Adugo
- Starting positions for the board game adugo
- Other names: Jogo da Onça
- Genres: Abstract strategy game Board game
- Players: 2

= Adugo =

Board game

Adugo, also known as Jogo da Onça (/pt-BR/, lit. 'Jaguar Game') is a two-player abstract strategy game from the Bororo tribe in the Pantanal region of Brazil.

It is a hunting game similar to those in Southeast Asia and the Indian subcontinent. It is especially similar to komikan, rimau, rimau-rimau, main tapal empat, and bagha-chall as they all use an alquerque-based board. Adugo is specifically a tiger hunt game (or tiger game). Komikan may be the same game as adugo.
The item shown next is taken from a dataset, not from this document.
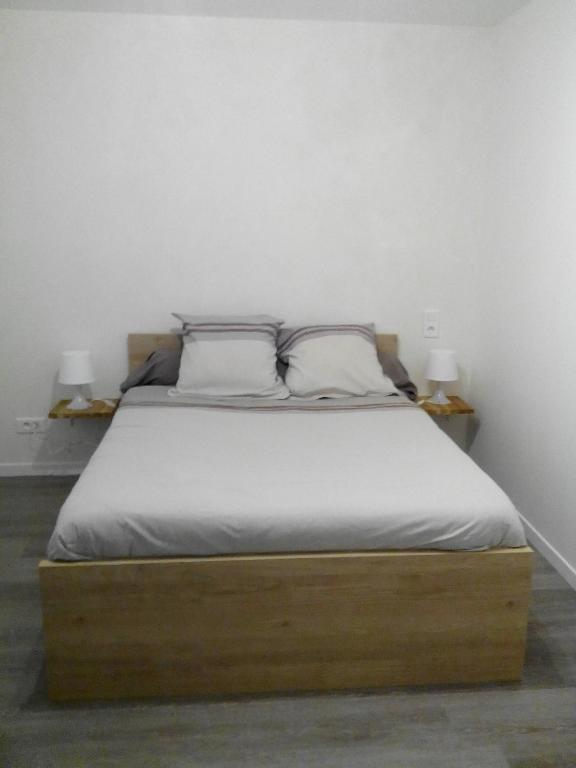 Le Jardin Ombragé - Chambre Quadruple Avec Salle De Bains Privative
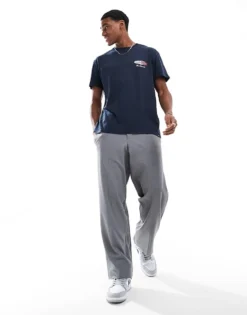 Tommy Jeans Globe Graphic T-shirt In Navy For Men Dark Night Navy -Tomeans Store 206859026 2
Komikan is the name given by the Mapuches in Chile.

In adugo, the jaguar ("adugo", in Bororo's language) is hunting the dogs ("arikau"). The game is also known as jaguar and dogs.

It is thought that the Spanish brought alquerque to the Americas, and this accounts for the use of the alquerque board in this game.

==Equipment==
The board used is an expanded alquerque board with one triangular patterned board on one of its sides. There is only one jaguar and 14 dogs. The jaguar is colored black, and the 14 dogs are colored white or brown. However, any two colors or distinguishable pieces are appropriate. The board was initially drawn on the ground with stones as pieces.

==Rules and game play==
In the beginning, the jaguar is on the central point of the alquerque board. All the dogs are on one half of the alquerque board that is opposite that of the triangular patterned board.

Players decide which animal to play with. The jaguar moves first. Players alternate their turns. Only one piece is used for movement or capture per turn.

The jaguar and dogs move one space at a time per turn following the pattern on the board.

The jaguar can capture by the short leap as in draughts or alquerque. The jaguar leaps over an adjacent dog and lands on the other side in a straight line, following the pattern on the board. The dogs can not capture, only corner the jaguar.

The game ends with the dogs as winners if the jaguar can no longer move while the jaguar wins by capturing 5 dogs.